[Opening INFORMATION SHOWN section]

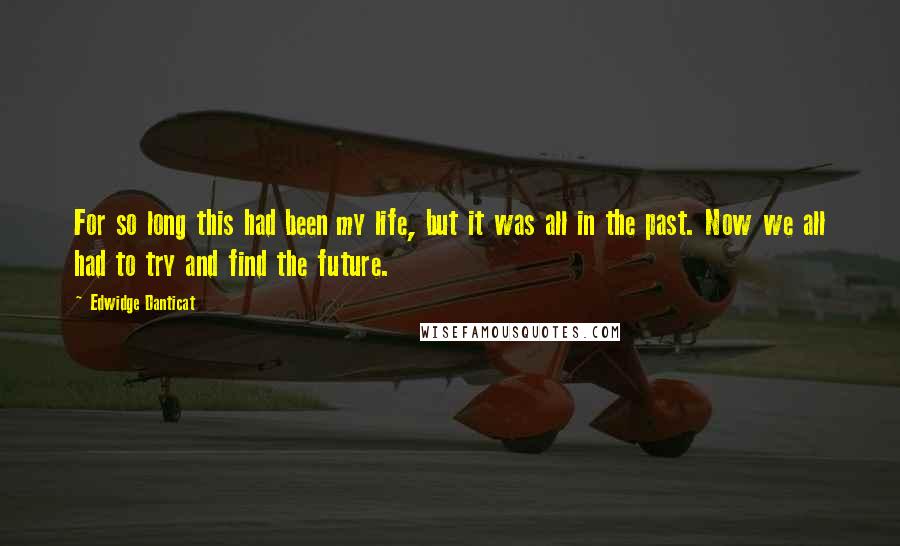 Edwidge Danticat quotes: For so long this had been my life, but it was all in the past. Now we all had to try and find the future.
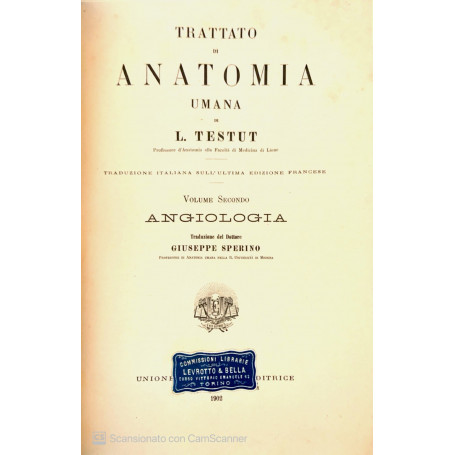 Trattato di anatomia umana Angiologia Vol. II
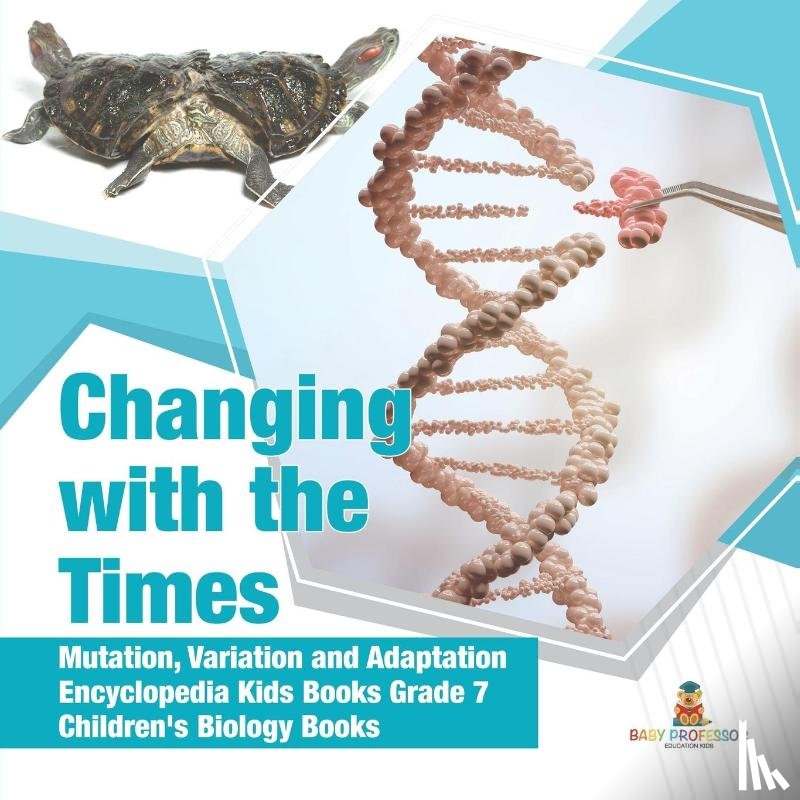 Baby Professor - Changing with the Times Mutation, Variation and Adaptation Encyclopedia Kids Books Grade 7 Children's Biology Books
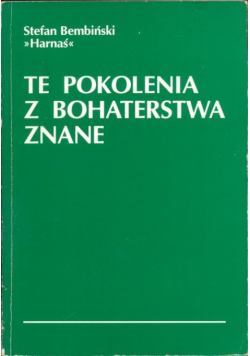 Te pokolenia z bohaterstwa znane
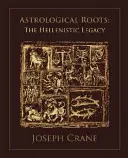 Racines astrologiques : L'héritage hellénistique - Astrological Roots: The Hellenistic Legacy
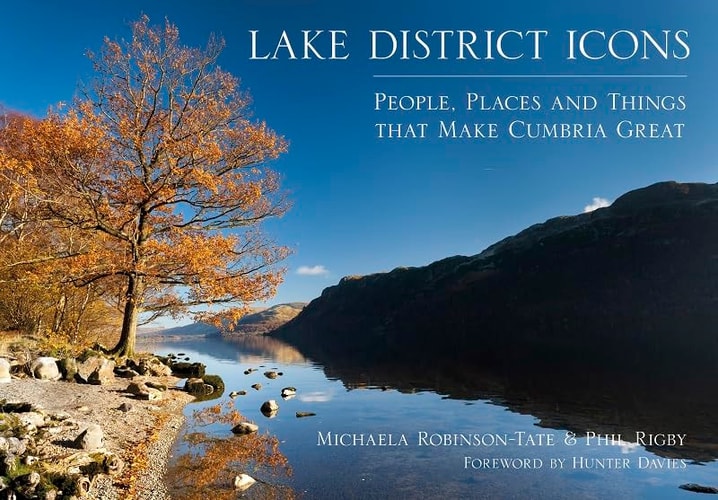 Lake District Icons: People, Places and Things that Make Cumbria Great by Michaela Robinson-Tate, Phil Rigby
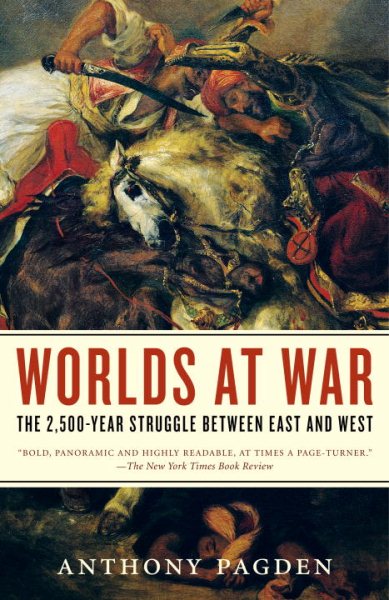 Worlds at War: The 2,500-Year Struggle Between East and West cover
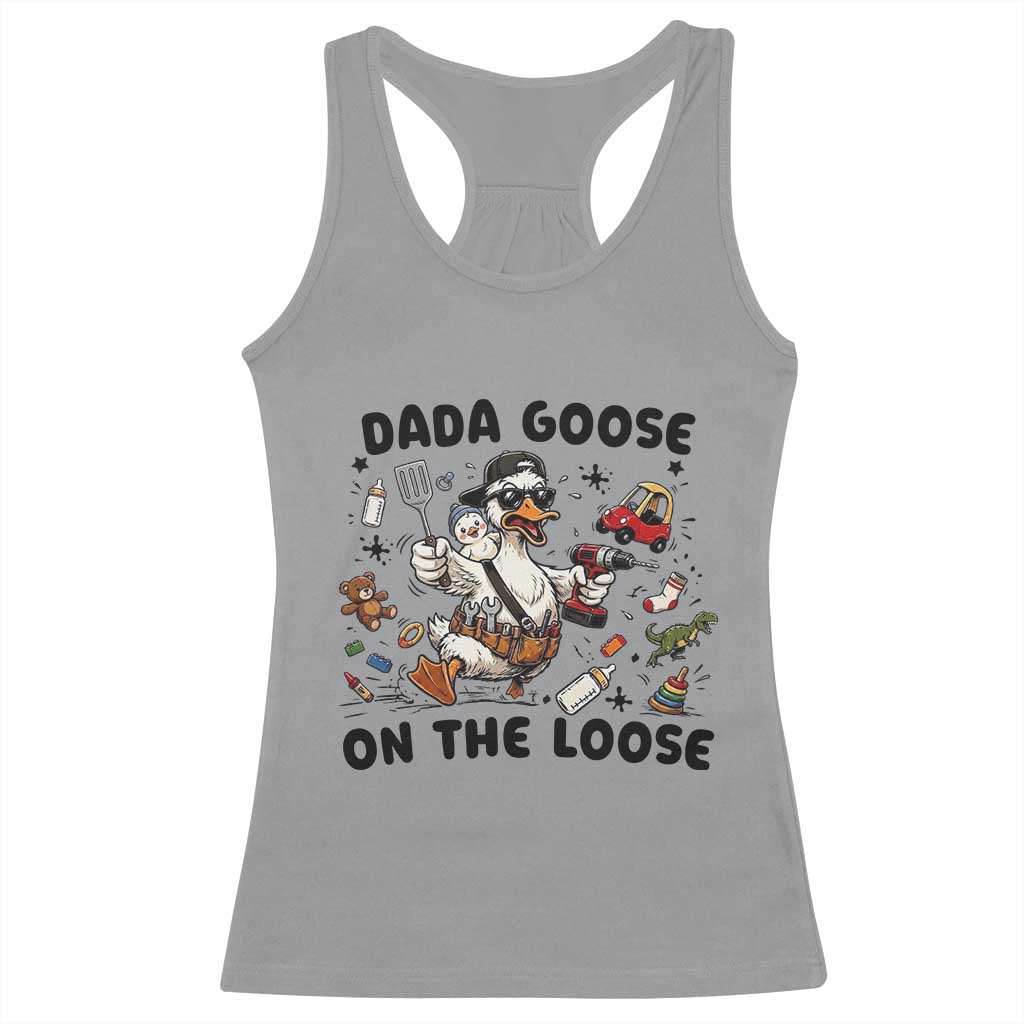 Dada Goose On The Loose Racerback Tank Top Funny Fatherhood Humor Gift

[Closing INFORMATION SHOWN section]

YOUR GOAL. Go down the entries above from the line containing "Baby Professor - Changing" to the line containing "Te pokolenia z bohaterstwa znane" and write out each line exactly, leaving pictures out.

FINAL ANSWER.
 Baby Professor - Changing with the Times Mutation, Variation and Adaptation Encyclopedia Kids Books Grade 7 Children's Biology Books
 Te pokolenia z bohaterstwa znane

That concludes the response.